See Crossdev_Automation for info on how to get crossdev running on Funtoo.

root # crossdev -t $CROSSDEV_TARGET --gcc 4.9.3 -P -v
root # gcc-config -l
 [1] arm-linux-gnueabihf-4.9.3 *
 [2] arm-linux-gnueabihf-5.2.0
 [3] arm-linux-gnueabihf-5.3.0

 [4] armv6j-hardfloat-linux-gnueabi-4.8.4 *

 [5] armv7a-hardfloat-linux-gnueabi-4.8.4
...<lots of compilers>...

Kernel Building

root # . xcompile_variables
root # get_kernel_version
4.1.18
root # set_kernel_extraversion = -defconfig && . xcompile_variables.sh
root # get_kernel_version 
4.1.18-defconfig
root # cd $XC_KERNEL_SRC
root # alias make="make -j<N>"
root # cp am335x_b4_deconfig $XC_KERNEL_CONFIG
root # . xcompile_variables
Your current kernel configs for <XC_LINUX_PREFIX> type builds:
Use 4.1.18.kconf as config (y/n)? y
Setting XC_KERNEL_OLDCONFIG to /usr/src/fun_kernel/configs/<XC_LINUX_PREFIX>/4.1.18.kconf
root # cp XC_KERNEL_OLDCONFIG .config
root # ARCH=$ARCH CROSS_COMPILE=$CROSSDEV_TARGET- make zImage modules dtbs

U-Boot Building

Notice the use of O=$XC_LINUX_PREFIX to control output. Remove this directory if you need to clean for a rebuild. DTC is the device tree compiler location that permits the use of Device Tree Blobs, an absolutely essential tool for managing the wild forest of ARM processors and base boards. See this tutorial on the Device Tree.

root # cd $XC_UBOOT
root # ARCH=$ARCH CROSS_COMPILE=$CROSSDEV_TARGET- make mrproper
root # ARCH=$ARCH CROSS_COMPILE=$CROSSDEV_TARGET- make distclean
root # rm -r ./$XC_LINUX_PREFIX
root # ARCH=$ARCH CROSS_COMPILE=$CROSSDEV_TARGET- make O=$XC_LINUX_PREFIX am335x_evm_config
root # ARCH=$ARCH CROSS_COMPILE=$CROSSDEV_TARGET- make O=$XC_LINUX_PREFIX DTC=$XC_KERNEL_SRC/scripts/dtc/dtc

Setup Stage3

Follow the steps in http://funtoo.org/Crossdev_Automation#Stage3_Configuration but do not set up a software clock. Our board has a hardware clock.

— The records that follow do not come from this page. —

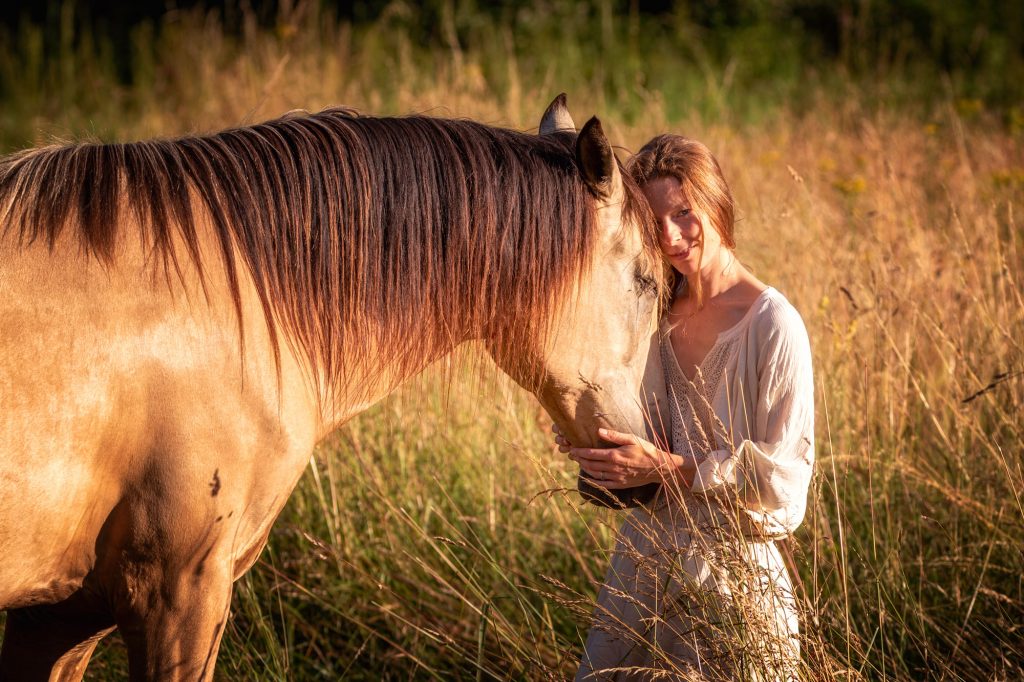 Equinessentiel - Laure Souquet - Soins et santé du cheval au naturel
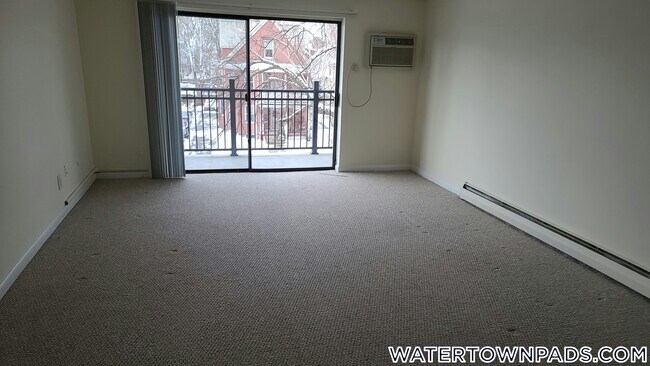 Building Photo - 245 Main St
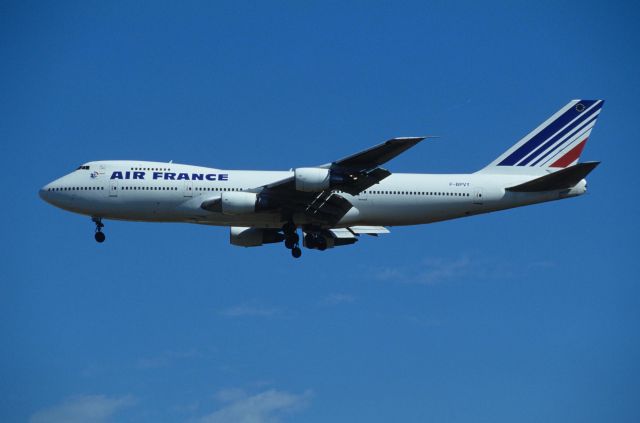 Boeing 747-200 (F-BPVY) - Final Approach to Narita Intl Airport Rwy34 on 1990/10/21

Copy Over Kernel Files and Firmware

root # cd $XC_KERNEL_SRC
root # ARCH=$ARCH CROSS_COMPILE=$CROSSDEV_TARGET- INSTALL_MOD_PATH=$XC_STAGE3S INSTALL_MOD_STRIP=1 make modules_install
root # ARCH=$ARCH CROSS_COMPILE=$CROSSDEV_TARGET- INSTALL_FW_PATH=$XC_STAGE3S make firmware_install
root # cp $XC_FIRMWARE/* $XC_STAGE3S/lib/firmware
root # cp  arch/arm/boot/zImage  $XC_STAGE3S/boot
root # cp arch/arm/boot/dts/*.dtb $XC_STAGE3S/boot
root # rm $XC_STAGE3S/lib/modules/`get_kernel_release`/{build,source}

Copy Over U-Boot Files

root # cp $XC_UBOOT/$XC_LINUX_PREFIX/{MLO,u-boot.img} $XC_STAGE3S/boot

Install to the Board

Make an image.

root # dd if=/dev/zero of=/dev/<your_dev> bs=1024 count=1024
root # parted -s /dev/<your_dev> mklabel msdos
root # parted -s /dev/<your_dev> unit cyl mkpart primary fat32 -- 0 9
root # parted -s /dev/<your_dev> set 1 boot on
root # parted -s /dev/<your_dev> unit cyl mkpart primary ext2 -- 9 -2
root # mkfs.vfat -F 32 -n boot /dev/<your_dev>1
root # mkfs.ext4 -L rootfs /dev/<your_dev>2

Mount and Rsync.

root # mkdir -p /mnt/funtoo
root # mount /dev/<your_dev>2 /mnt/funtoo
root # mkdir -p /mnt/funtoo/boot
root # mount /dev/<your_dev>1 /mnt/funtoo/boot
root # rsync -avz --exclude "usr/portage/*" $XC_STAGE3S/{boot,bin,etc,home,lib,mnt,opt,root,run,sbin,srv,tmp,usr,var,dev} /mnt/funtoo
root # mkdir -p /mnt/funtoo/{proc,sys}
root # umount -R /mnt/funtoo

Reboot! Moment of truth: do you really know what you are doing?

   Tip

Once you get the board up and sshd running on it, then use rsync -e "ssh" $XC_STAGE3S/{boot,lib} <board_ip>:/ to do the kernel hacking. How long can you keep it up?

If It Boots...

This is important. In embedded world we need to always handle the relationship between the cpu and baseboard that carries it. We can use the u-boot shell to find this out.

=> bdinfo
arch_number = 0x00000F8C
boot_params = 0x10000100
DRAM bank   = 0x00000000
-> start    = 0x10000000
-> size     = 0x80000000
eth0name    = FEC       
ethaddr     = (not set)
current eth = FEC      
ip_addr     = <NULL>
baudrate    = 115200 bps
TLB addr    = 0x8FFF0000
relocaddr   = 0x8FF4A000
reloc off   = 0x7874A000
irq_sp      = 0x8EF47EA0
sp start    = 0x8EF47E90
FB base     = 0x8EF4B7C0

This structure is extremely useful in finding an appropriate device tree file so that the cpu can talk to the registers on the hardware and engage with interupts. It's pretty cool.